(SUPPLIED DATA Opens)
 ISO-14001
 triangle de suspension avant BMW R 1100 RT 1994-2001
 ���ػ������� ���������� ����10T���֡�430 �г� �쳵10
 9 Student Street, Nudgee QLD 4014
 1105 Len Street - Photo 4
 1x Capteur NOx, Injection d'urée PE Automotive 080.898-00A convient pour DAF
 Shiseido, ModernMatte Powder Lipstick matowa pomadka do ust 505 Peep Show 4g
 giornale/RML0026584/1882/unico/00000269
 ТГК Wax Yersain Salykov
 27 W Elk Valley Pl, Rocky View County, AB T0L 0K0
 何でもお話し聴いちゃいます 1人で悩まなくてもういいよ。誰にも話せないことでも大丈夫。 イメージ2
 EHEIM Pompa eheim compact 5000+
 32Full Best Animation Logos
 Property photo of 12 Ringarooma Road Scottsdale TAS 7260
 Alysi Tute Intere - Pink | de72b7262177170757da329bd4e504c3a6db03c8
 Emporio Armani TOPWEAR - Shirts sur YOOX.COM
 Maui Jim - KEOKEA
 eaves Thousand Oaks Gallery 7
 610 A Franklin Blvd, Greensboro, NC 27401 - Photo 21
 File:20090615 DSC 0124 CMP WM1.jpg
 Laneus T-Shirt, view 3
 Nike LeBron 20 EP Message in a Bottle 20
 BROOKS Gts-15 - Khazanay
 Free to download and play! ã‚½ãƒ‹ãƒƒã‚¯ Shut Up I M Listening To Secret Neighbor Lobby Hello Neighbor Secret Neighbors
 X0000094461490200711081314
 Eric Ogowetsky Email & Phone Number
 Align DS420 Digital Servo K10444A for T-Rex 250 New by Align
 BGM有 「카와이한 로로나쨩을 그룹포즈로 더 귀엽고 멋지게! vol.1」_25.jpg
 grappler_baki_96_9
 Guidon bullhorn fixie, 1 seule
(SUPPLIED DATA Closes)
For each record above, output it exactly as written.

▸ **TASK OUTPUT**:
 ISO-14001
 triangle de suspension avant BMW R 1100 RT 1994-2001
 ���ػ������� ���������� ����10T���֡�430 �г� �쳵10
 9 Student Street, Nudgee QLD 4014
 1105 Len Street - Photo 4
 1x Capteur NOx, Injection d'urée PE Automotive 080.898-00A convient pour DAF
 Shiseido, ModernMatte Powder Lipstick matowa pomadka do ust 505 Peep Show 4g
 giornale/RML0026584/1882/unico/00000269
 ТГК Wax Yersain Salykov
 27 W Elk Valley Pl, Rocky View County, AB T0L 0K0
 何でもお話し聴いちゃいます 1人で悩まなくてもういいよ。誰にも話せないことでも大丈夫。 イメージ2
 EHEIM Pompa eheim compact 5000+
 32Full Best Animation Logos
 Property photo of 12 Ringarooma Road Scottsdale TAS 7260
 Alysi Tute Intere - Pink | de72b7262177170757da329bd4e504c3a6db03c8
 Emporio Armani TOPWEAR - Shirts sur YOOX.COM
 Maui Jim - KEOKEA
 eaves Thousand Oaks Gallery 7
 610 A Franklin Blvd, Greensboro, NC 27401 - Photo 21
 File:20090615 DSC 0124 CMP WM1.jpg
 Laneus T-Shirt, view 3
 Nike LeBron 20 EP Message in a Bottle 20
 BROOKS Gts-15 - Khazanay
 Free to download and play! ã‚½ãƒ‹ãƒƒã‚¯ Shut Up I M Listening To Secret Neighbor Lobby Hello Neighbor Secret Neighbors
 X0000094461490200711081314
 Eric Ogowetsky Email & Phone Number
 Align DS420 Digital Servo K10444A for T-Rex 250 New by Align
 BGM有 「카와이한 로로나쨩을 그룹포즈로 더 귀엽고 멋지게! vol.1」_25.jpg
 grappler_baki_96_9
 Guidon bullhorn fixie, 1 seule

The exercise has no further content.